21. The non-spherical electroactive agglomerated particle of claim 11, wherein the second electroactive material is an electroactive metal or metal oxide.

22. The non-spherical electroactive agglomerated particle of claim 21, wherein the electroactive metal or metal oxide is selected from the group consisting of LiCoO2, LiNiCoO2, Li(NiMnCo)1/3O2, Li(NiMn)1/2O2, LiNicCo1−cO2, LiV2O5, LiAlNiCoO2, LiNi1−a−bAlaCobO2, and mixtures thereof; where a is from about 0.01 to about 0.5 and b is from about 0.01 to about 0.9, with the proviso that the sum of a and b is less than 1; and c is from about 0.01 to about 0.99.

23. The non-spherical electroactive agglomerated particle of claim 21, wherein the electroactive metal or metal oxide is selected from the group consisting of LiCoO2, LiAl0.05Ni0.8Co0.15O2, LiNiCoO2, Li(NiMnCo)1/3O2, Li(NiMn)1/2O2, Co1−xO2, LiAlNiCoO2, and LiV2O5, where x is greater than 0 but smaller than about 10.

24. The non-spherical electroactive agglomerated particle of claim 11, comprising from about 30 to about 95% by weight of the first electroactive material and from about 70 to about 5% by weight of the second electroactive material.

25. The non-spherical electroactive agglomerated particle of claim 1, wherein the binder is an oxide.
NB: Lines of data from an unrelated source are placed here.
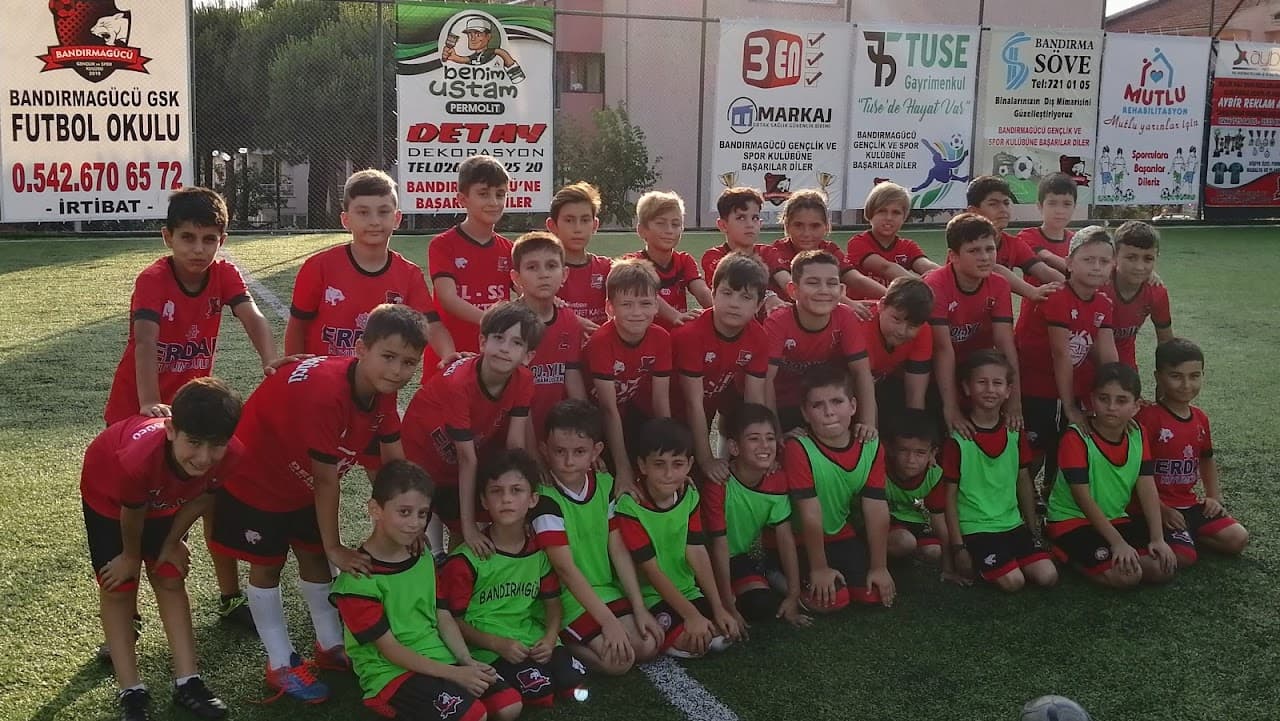 Bandırmagücü Melis Spor Tesisleri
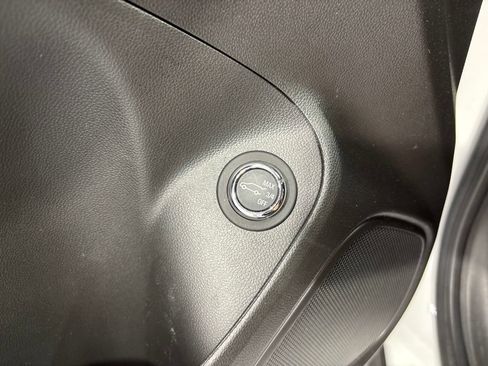 Used 2024 Buick Encore GX Preferred AWD/4WD image 30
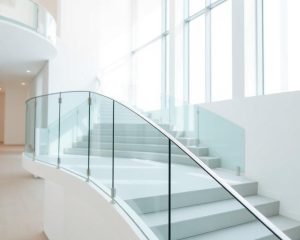 Szklane balustrady: Bezpieczeństwo, estetyka i nowoczesny design
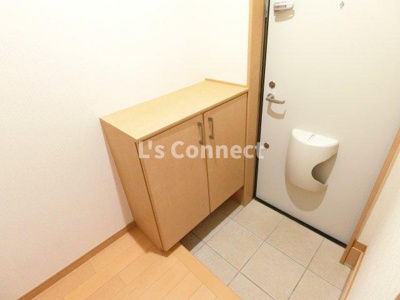 【玄関】 | ロマネＣ棟 | 下駄箱付きで靴も収納できます。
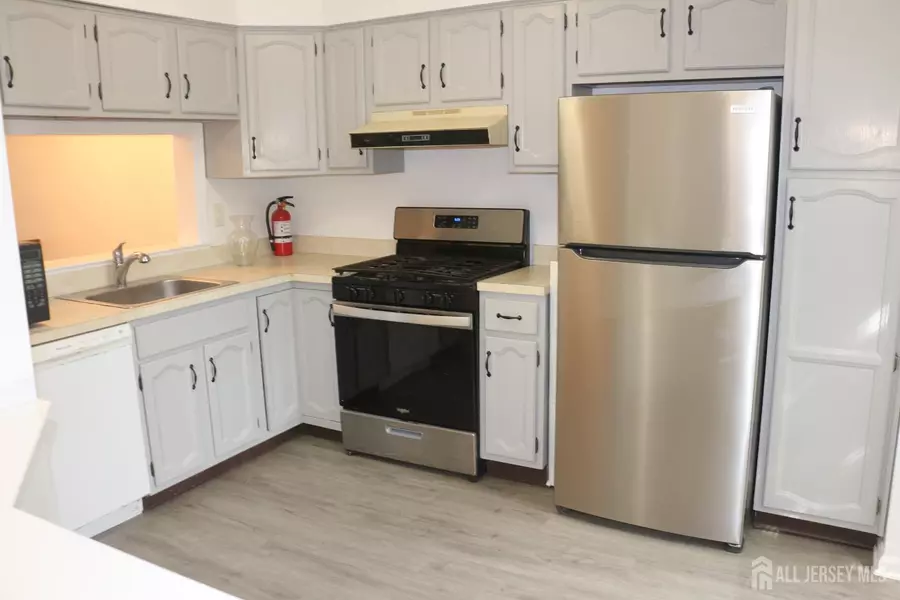 405 Maplecrest RD, Edison, NJ 08820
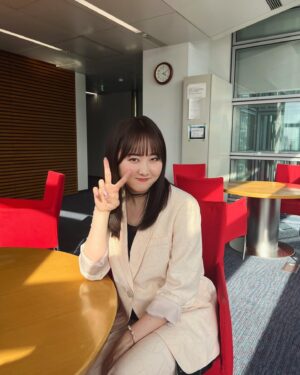 Miyu Honda Instagram - 望結先輩と会議中。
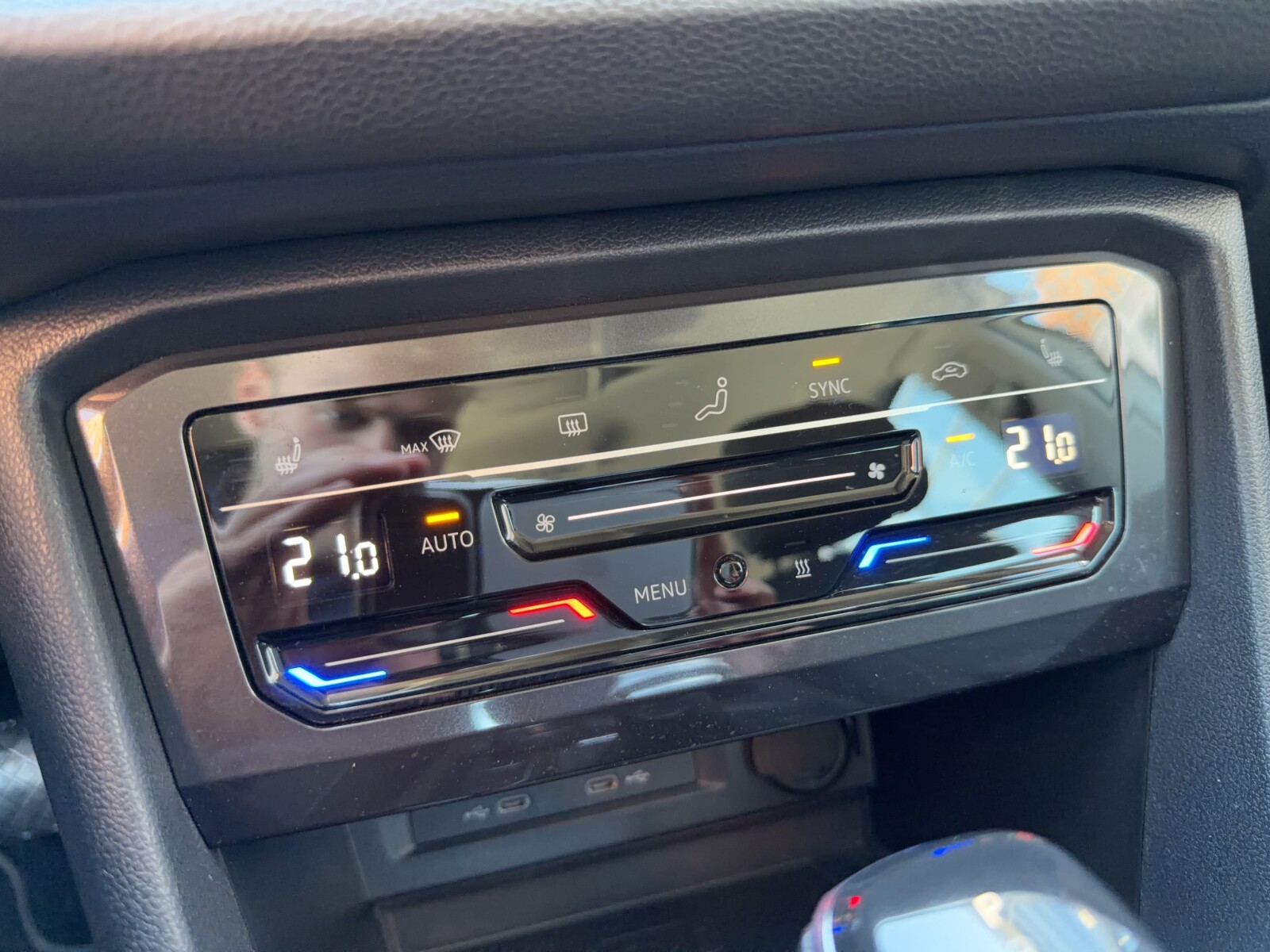 Volkswagen Tiguan Allspace - zdjęcie 23
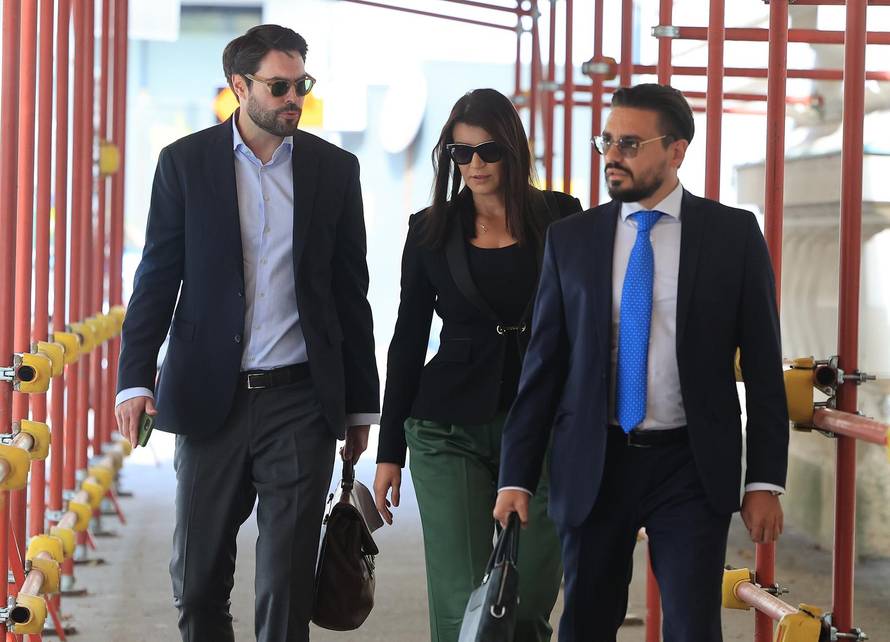 Zagreb: Nasmijana Josipa Čulina (Rimac) dolazi na Županijski sud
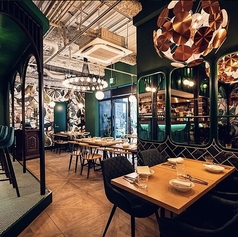 プーケットオリエンタル 横浜店の雰囲気1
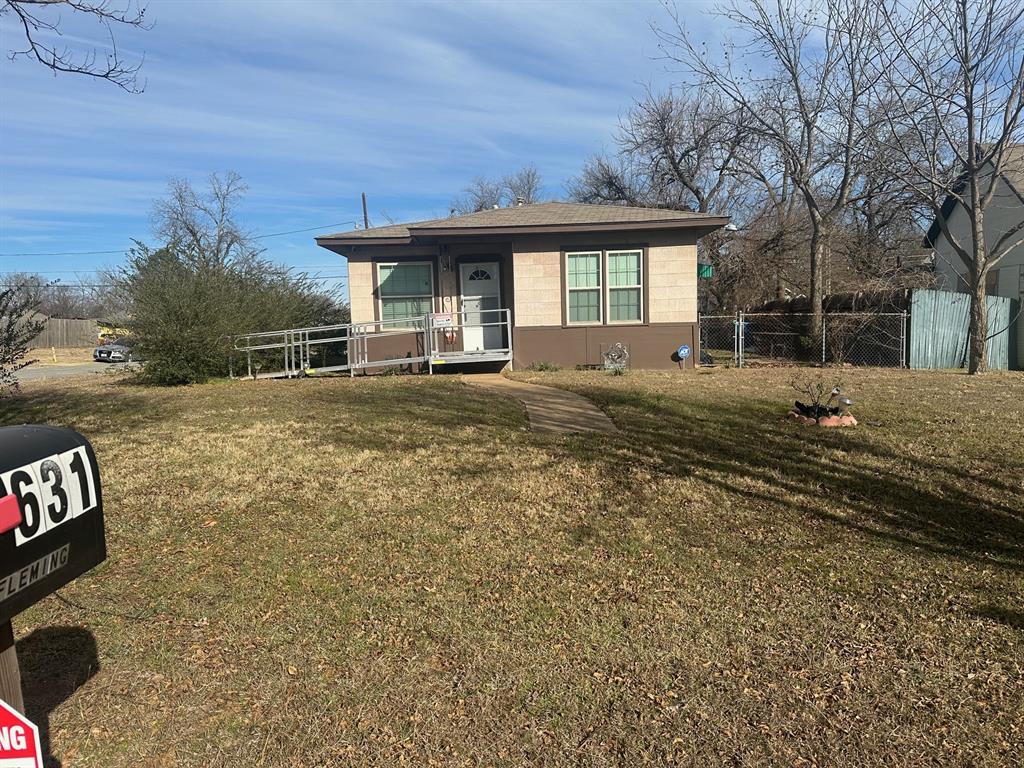 631 W Walker Street Property Photo 2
26. The non-spherical electroactive agglomerated particle of claim 25, wherein the binder is Al2O3, P2O5, or LiPO3, or a mixture thereof.

27. The non-spherical electroactive agglomerated particle of claim 1, wherein the binder is a polymer.

28. The non-spherical electroactive agglomerated particle of claim 27, wherein the binder is a crosslinkable polymer.

29. The non-spherical electroactive agglomerated particle of claim 27, wherein the binder is a polyamideimide or polyimide.

30. The non-spherical electroactive agglomerated particle of claim 27, wherein the binder is TORLON AI-30, TORLON AI-50, TORLON 4000, or TORLON 4203L.

31. The non-spherical electroactive agglomerated particle of claim 4, wherein the binder is formed from precursors of the polymer on the surface of the electroactive subparticles.

32. The non-spherical electroactive agglomerated particle of claim 31, wherein the precursors are U-VARNISH.

33. A coated non-spherical electroactive particle, comprising i) the non-spherical agglomerated particle of claim 1, and ii) a polymeric overcoating on the surface of the non-spherical agglomerated particle.

34. An electrode comprising the non-spherical electroactive agglomerated particle of claim 1, a current collector, and optionally a binder.